AgriLand caught up with Brian Ireland, who was cutting a crop of winter barley in Danesfort, Co. Kilkenny. Conditions were perfect for harvesting, as you can see from the shots taken on Tuesday afternoon (July 3).
Harvesting began on the farm on Monday evening. Grain was being delivered to Brett Brothers in Callan. According to the delivery docket, the quality was good and moisture was low, but it was too early to get an indication of the yield of the crop.
Brian was happy to be cutting in such dry and warm conditions – dust was flying. However, he did comment that this was a very early start to harvesting. It is two weeks earlier than usual – harvesting would normally begin around July 12-15.
We started cutting yesterday evening at around 5:00pm. We’ve about 20ac cut so far. It’s only there; it’s very early.
However, Brian noted: “I remember back in 2011 the first of the winter barley was cut on July 6.
“It’s lovely to get the weather, the ground is as hard as iron underneath. Every condition is perfect for cutting,” he added.
The crop was sown early, so it’s no surprise that it is one of the first crops to be cut in Co. Kilkenny.

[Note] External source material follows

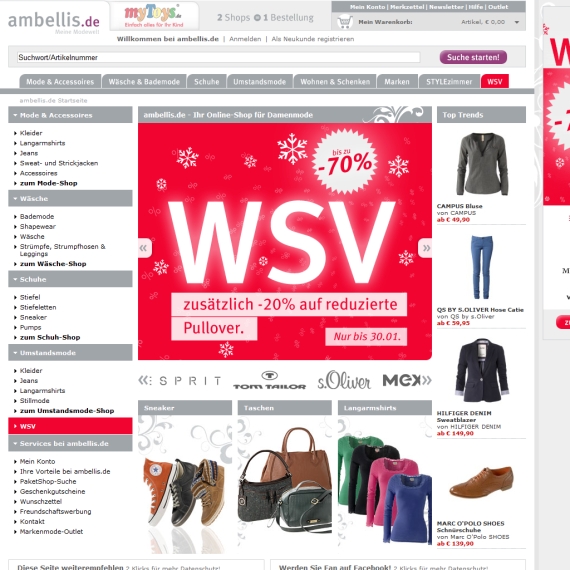Die Webseite vom Ambellis.de Shop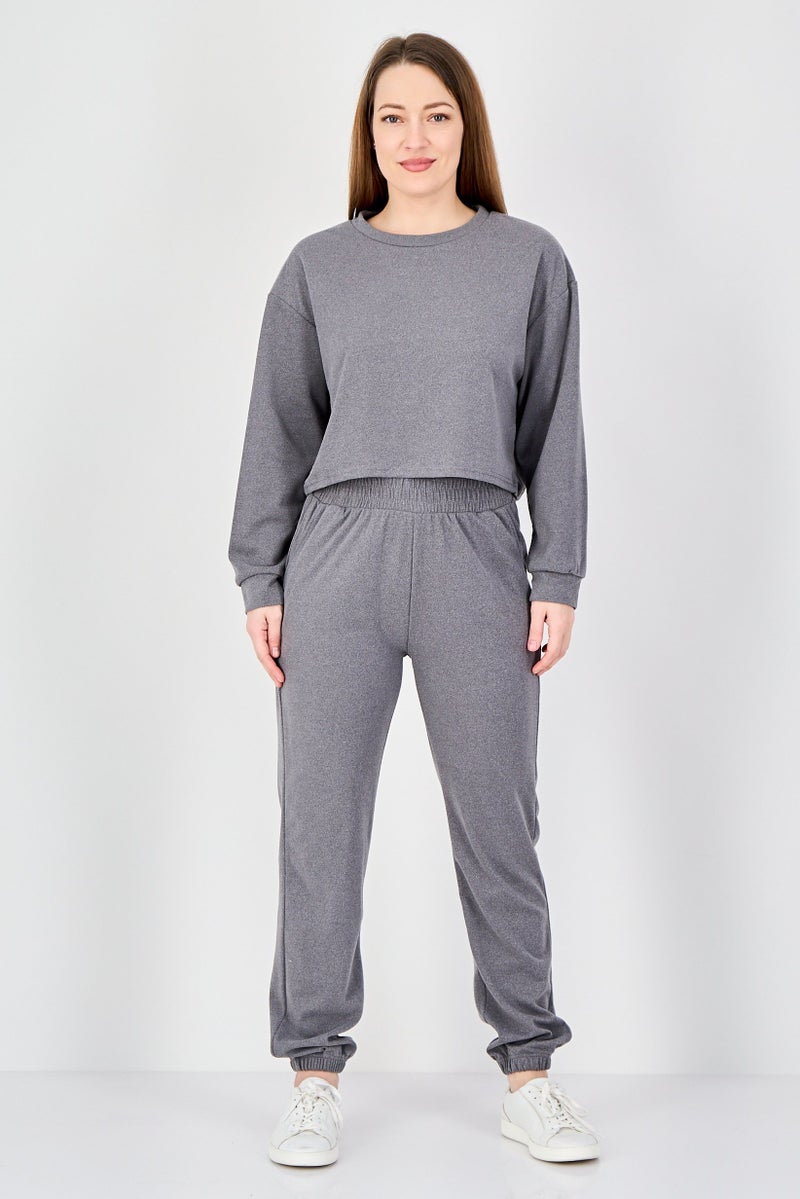 Buzz Women 2 Pieces Round Neck Plain Fleece Sweatshirt And Pants Set, Grey - Image 1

“This was sown at the time of the ploughing championships – September 21-22. It’s normally sown at that time of the year.
“It’s nearly all six-row winter barley on the farm now. One very good thing about it is that the crows don’t go near it.”

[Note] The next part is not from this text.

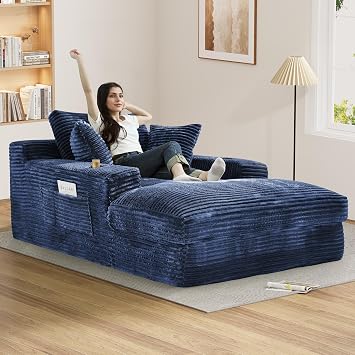 DAMAIFROM 76" D Oversized Chaise Lounge Chair Indoor with Cup Holders,Blue | Comfy Reading Chair,with Cup Holders & Side Pocket,Plush Corduroy 30D High Density Sponge Boneless Chair with 2-Layer Sponge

There is no doubt that the heatwave has made harvest conditions easier. However, safety precautions have to be taken in the heat.
“I never saw the dust as bad. There’s serious dust out of the crop. We’ll have to blow the dust from the engine on a more regular basis for safety; it’s a fire hazard.”
Many crops of winter barley across the country suffered from severe lodging. Small patches were down in this field, but it wasn’t affecting cutting efficiency.
“There are patches of it down. It’s sitting up about 7-8in, so we’re getting it all.”
The grain tank – which was carrying 5.5t after a round of the combine – is emptied on the headlands to prevent compaction to the soil and straw damage.
“We always park the trailers on the headland to prevent compaction in the field.”
The Claas Lexion 630 has a 20ft header and was being filled to capacity on each run. The combine was running at its ease.
“It’s plenty big for baling the straw after it. It would be very hard to dry straw from a 30ft header.”
Moisture content of a load of grain sent to Brett Brothers was 14.8% and the crop had a KPH of 65. The bushel was one to be happy with; the crop was a six-row variety – Escarde.
“He’s grown this variety for the past three years. We’re happy with it,” Brian added.
Brett’s agronomist, James Irish, was checking on harvest progress and reported: “Grain quality is variable. Moisture content is low; which is good.
It’s too early to get a true indication of crop yields.
Brian is hoping that the weather stays dry to allow cutting to be completed and straw to be baled in good conditions.
“It would be great if it stayed dry and we could get the straw baled. This crop will be baled on Thursday. It’s fresh enough here and there.”
The golden straw left behind the combine is in high demand.
“There’s big demand for straw at the moment. There’s phone calls every day for straw.
This straw is all pre-booked. It’s lovely straw; it’s really good quality.
Away from the combines and balers Brian is busy. The Kilkenny man ploughs in the senior reversible class for his county.
The reversible class started in 1992 and Brian has ploughed in every All-Ireland since then, but he will be busy with the harvest before September comes.
We’ll be cutting winter barley for the rest of the week and then there’s oats. They won’t be far away from being ripe.
“It’s great to get the weather to do it. I’ll start baling on Thursday.”